» Task goal
Restate all the data word for word and omit the pictures.

» Given material
:::
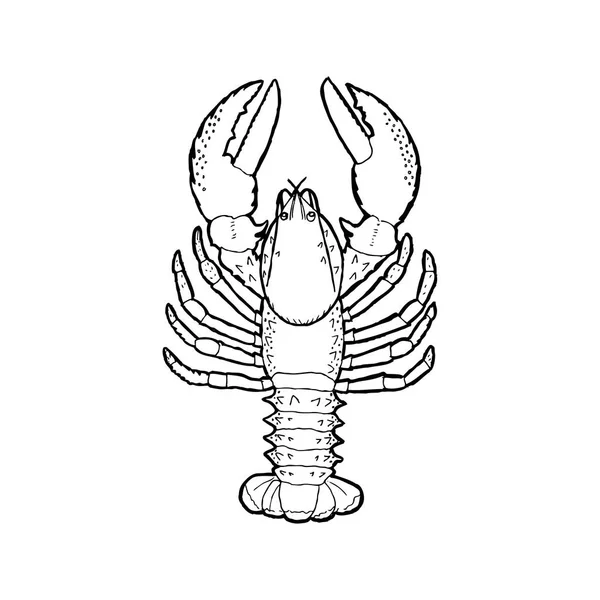 Illustrazione Vettoriale Dei Gamberi Disegno Contorno Sfondo Bianco — Vettoriale Stock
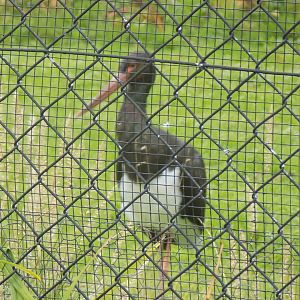 Black Stork in the Wetland Bird Aviary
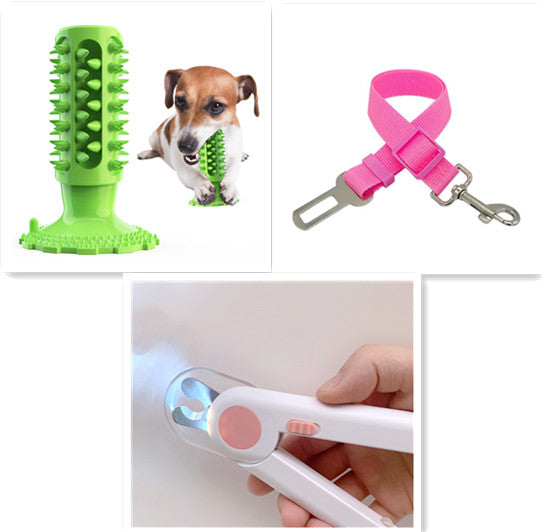 Toothbrush Stick for Dogs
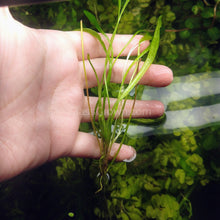 Load image into Gallery viewer, Narrow Leaf Chain Sword Plant-Aquatic Plants-Glass Grown-Glass Grown Aquatics-Aquarium live fish plants, decor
:::
» Final answer
 Illustrazione Vettoriale Dei Gamberi Disegno Contorno Sfondo Bianco — Vettoriale Stock
 Black Stork in the Wetland Bird Aviary
 Toothbrush Stick for Dogs
 Load image into Gallery viewer, Narrow Leaf Chain Sword Plant-Aquatic Plants-Glass Grown-Glass Grown Aquatics-Aquarium live fish plants, decor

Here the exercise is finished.